2 min read

Classifying observations*

Classifying observations

There are several ways you can classify your data into a smaller number of groupings. Here are two. The first uses what is known as bracket notation, and the second uses the cut() function.

It is easiest to illustrate this with a tiny example of made-up data, which is generated in the first two lines.

df <- as.data.frame(c(3,4,5,10,15,20,30,38,77))
colnames(df)[1] <- "somedata"

#method 1 - bracket notation

df$cat[df$somedata < 10] <- "low"
df$cat[df$somedata >= 10 & df$somedata < 20] <- "medium"
df$cat[df$somedata >= 20] <- "high"

Think of the above as assigning a value to a new variable based on some condition.

The second method is perhaps a bit more popular.

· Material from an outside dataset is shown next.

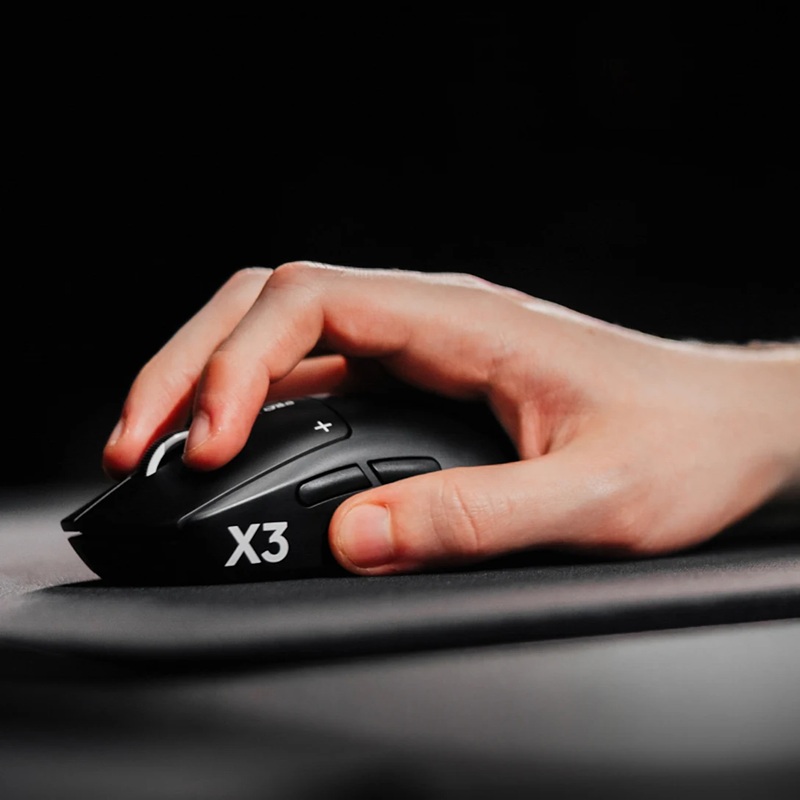PRO X3 SUPERSTRIKE Mouse Midnight Black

You cut the data into pieces based on some categories you define. -Inf and Inf (note the capital letter I) refer to negative infinity and positive infinity. That’s kind of overkill (your data has a much smaller range than that) but it’s how most people code it.

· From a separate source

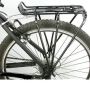 Turystyczny bagażnik rowerowy solidny sprężyna mocująca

#method 2 - cut() function

df$cat2 <- cut(df$somedata, breaks=c(-Inf,10,20,Inf))

df$cat3 <- cut(df$somedata, breaks=c(-Inf,10,20,Inf), right=F)

df$cat2 <- cut(df$somedata, breaks=c(-Inf,10,20,Inf), 
               labels = c("3-10","11-20","21-77"))

df$cat3 <- cut(df$somedata, breaks=c(-Inf,10,20,Inf), right=F,
               labels = c("3-9","10-19","20-77"))

The difference between the first two lines above is how it handles values that land exactly on the boundary. The default is right=TRUE (recall you do not have to type out the defaults, though you may choose to do so). This means that a value exactly on the boundary will land in the lower category. right=FALSE puts it in the upper category. Another way to handle this is to make your cut points be values not in the data, like 10.01 and 20.01.

The labels parameter lets you customize how this variable will appear in tables and graphs.